The staggering income inequality levels we’ve reached are bad enough, but are we becoming an oligarchy?
Income inequality has become a big issue lately, and that’s a good thing. For too long we have simply accepted that some people at the top deserve to earn 300 or more times what average workers earn. As if one person’s work is really worth $7,000 an hour while another person’s is worth just a little over 7 bucks an hour (at the bottom). I don’t care how smart your CEO is, or how little education a fast food worker has (although many are quite well educated), that’s just obscene.
Some will say the top earners deserve their pay. While I don’t begrudge success born of true hard work and diligence, in most cases, these folks have simply been in the right place at the right time. Born to the right family, gone to the best schools, handed cushy entry-level jobs a typical service worker would die for.

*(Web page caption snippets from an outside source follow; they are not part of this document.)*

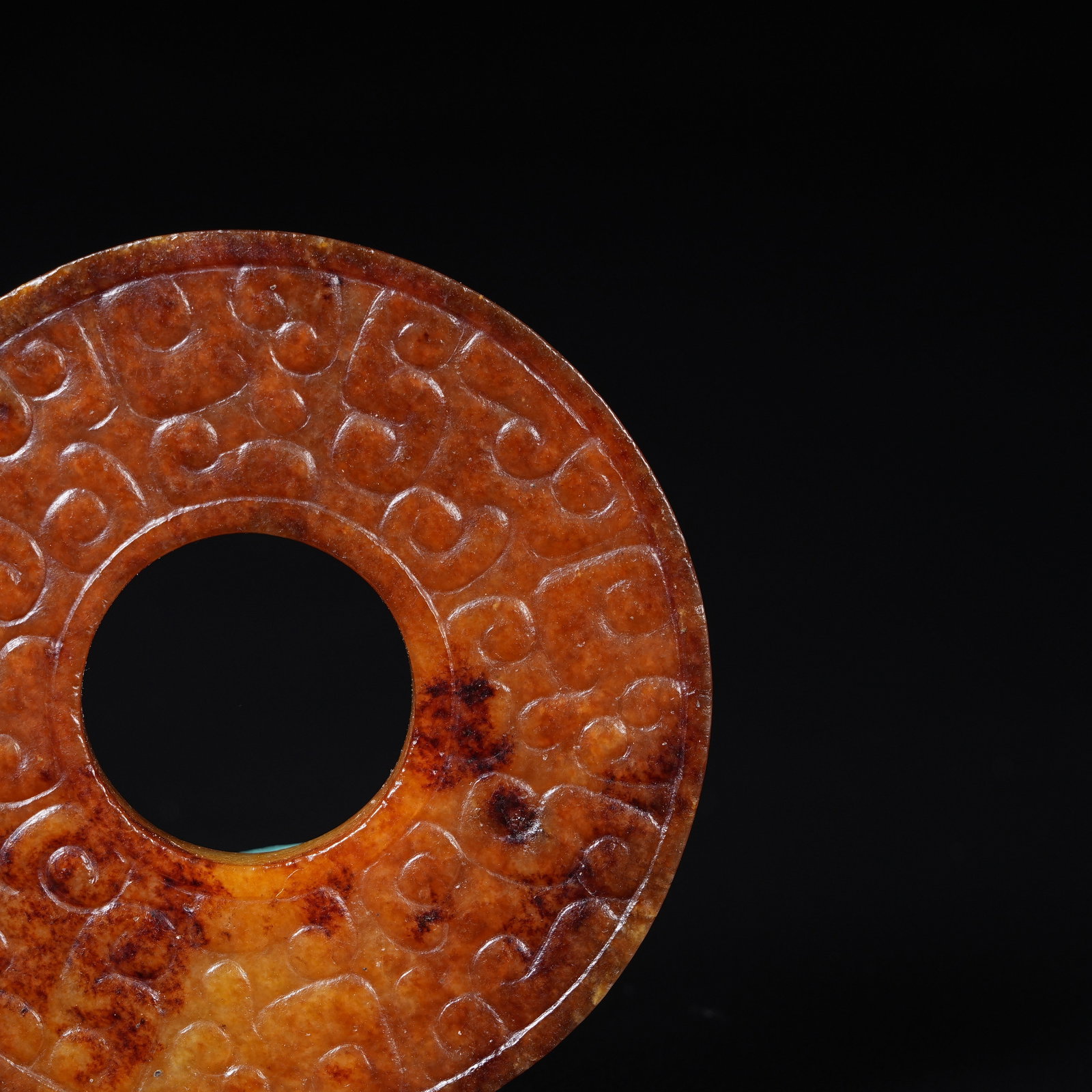 A ANCIENT JADE BI DISC WITH HOOKED CLOUD PATTERN - 2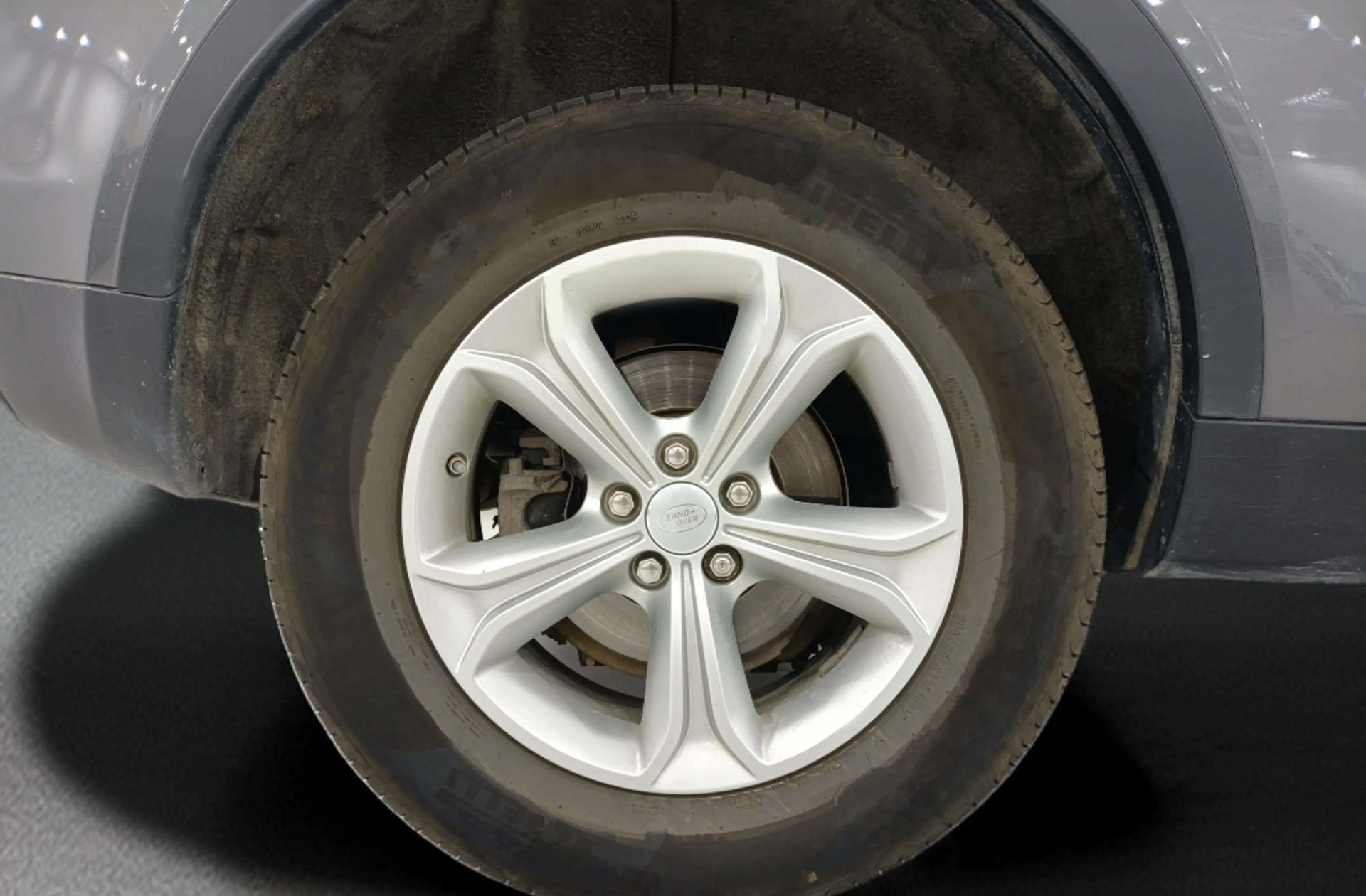 Land Rover Discovery Sport 2.0L TD4 SE 4x4 - foto 37
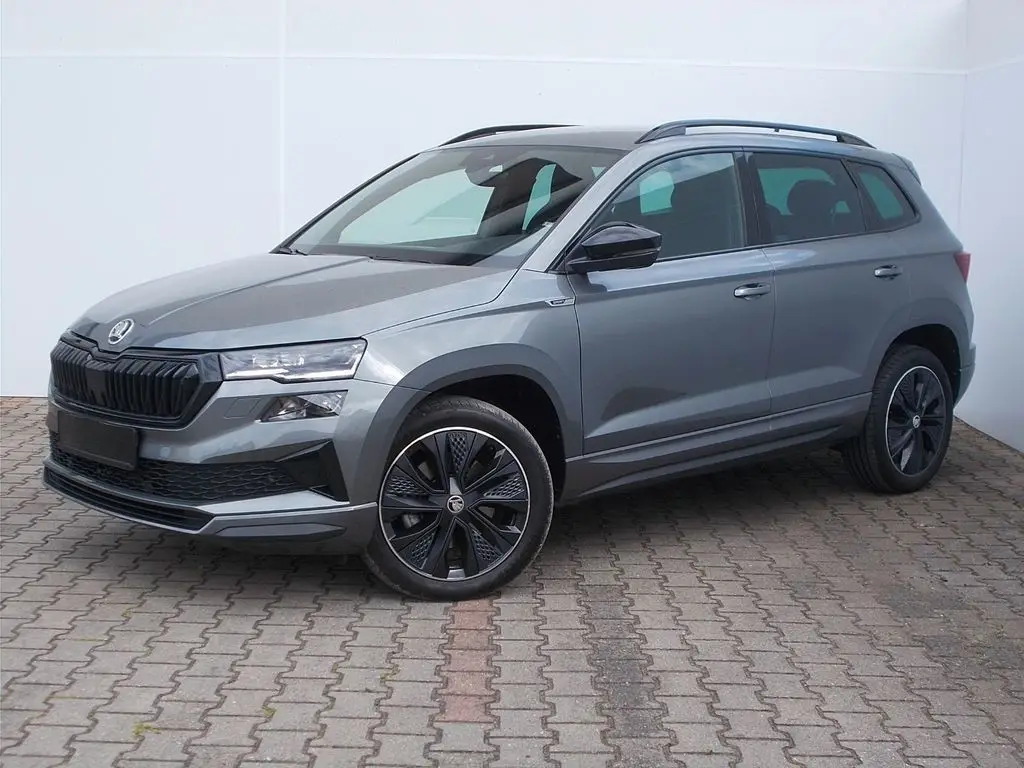 Photo 1 : Skoda Karoq 2023 Essence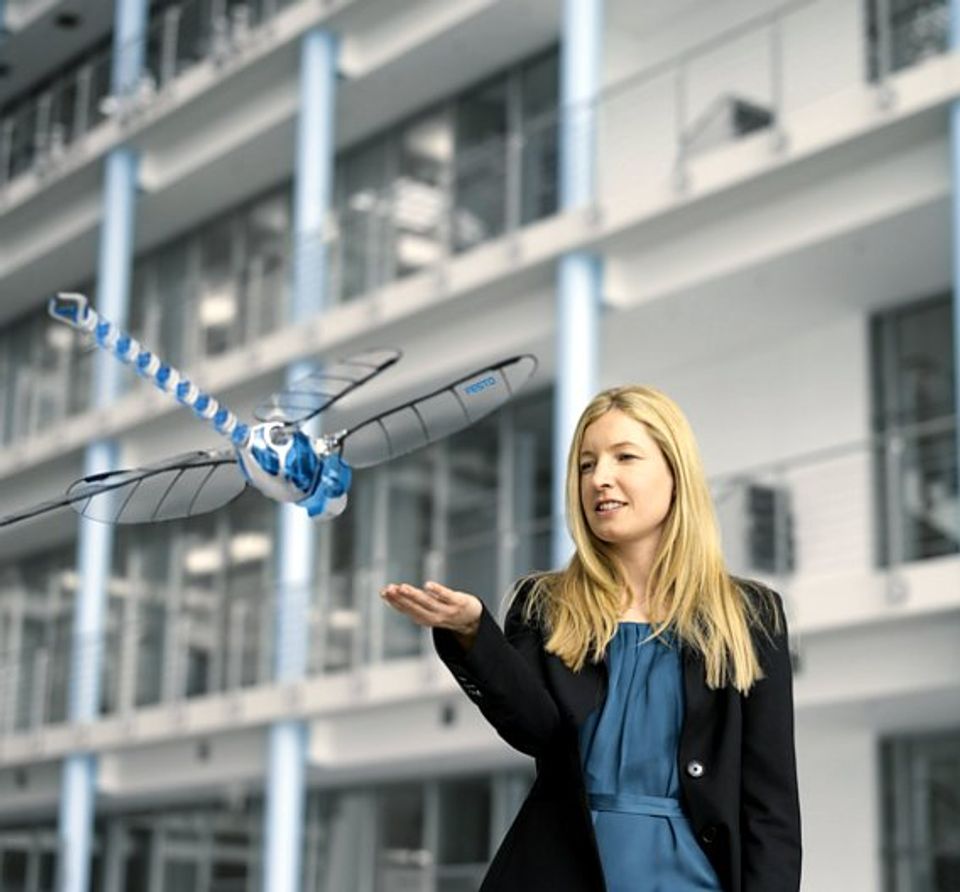 Leichtbaukonstruktion mit intelligenter Kinematik: der 'BionicOpter' Leichtbaukonstruktion mit intelligenter Kinematik: der 'BionicOpter'
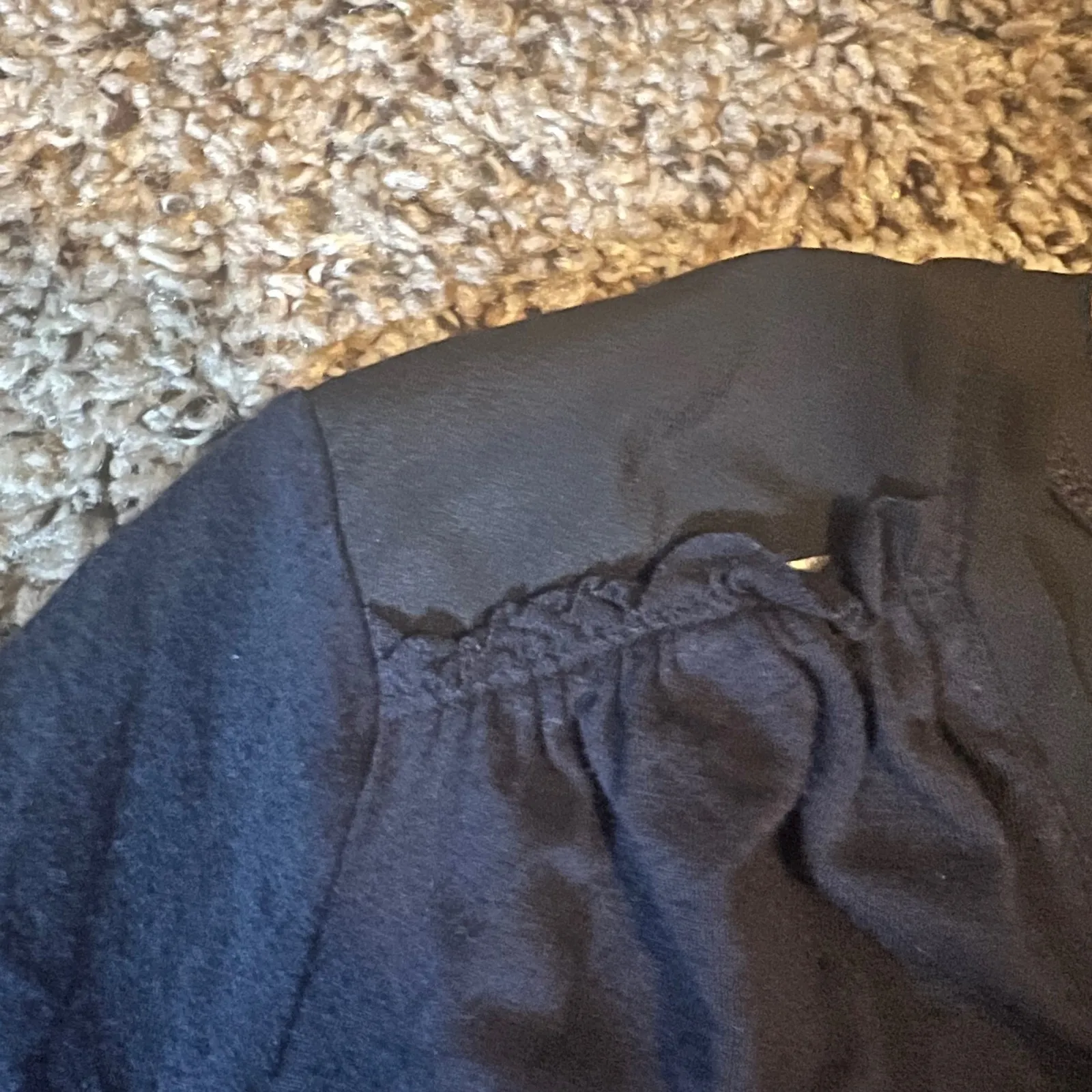 Banana Republic Navy Blue V Neck Long Sleeve Ruffled Shoulder Top Women's Size S - Image 5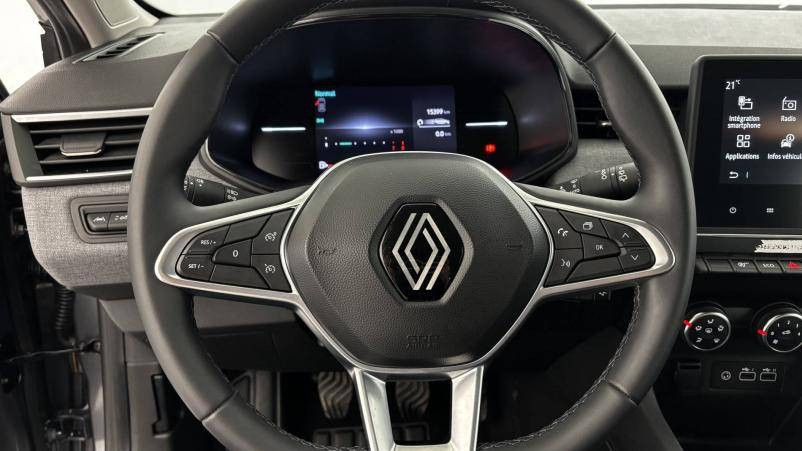 Vente en ligne Renault Clio 5 Clio TCe 90 au prix de 15 990 €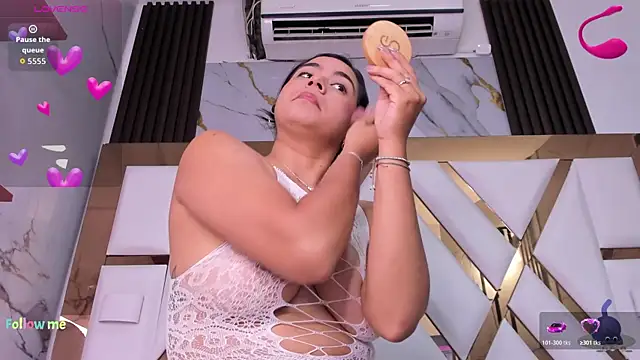 Snapshot of miilaklum chatting on November 2025 06:45:01 PM miilaklum online show from November 2025 06:45:01 PM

And here’s the main point: We all built this economy, this country, this world. CEOs could not have done it on their own. The smartest guy in the world needs a big company of hard workers to accomplish anything of value. He needs the infrastructure this great (once-great?) country provides. He needs the educational system that prepared his underlings, the stable society, the work of legions before him that built it. We all contribute to the economy, and the efficiency with which we work has never been greater. And yet, only a very, very few at the top reap the gains we as a society have wrought. This is wrong.
However, the income gap is really just a small part of the problem. As a new book by the French economist Thomas Piketty shows, it’s the inherited wealth that is really transforming this country, and the world, into an oligarchy: rule by the rich. Basically, we’re allowing the rule of kings to come back into vogue. Democracy is dying.
Bill Moyers on the book “Capital in the Twenty-First Century” by Piketty:
Here’s one of its extraordinary insights: we are heading into a future dominated by inherited wealth as capital concentrates in fewer and fewer hands, giving the very rich ever greater power over politics, government, and society. “Patrimonial capitalism” is the name for it, and it has potentially terrifying consequences for democracy. For those who work for a living, the level of inequality in the US, writes Piketty, is “probably higher than in any other society, at any time in the past, anywhere in the world.” Over three decades, between 1977 and 2007, 60 percent of our national income went to the richest 1 percent of Americans. No wonder this is the one book the 1% doesn’t want the other 99 percent to read.
One way to level the playing field again, and bring back a government of the people, by the people and for the people, is to reinstate the big inheritance and capital gains taxes of yesteryear. The term “death tax” has been widely used in recent times by those who want to eliminate the estate tax, and it has been an effective tool. But the reality is, without it, we are allowing a takeover of our society and government by the very rich.
I don’t know about you, but the American government I learned about in school — and the one I want back — was a government of the people, by the people, and for the people — not an oligarchy.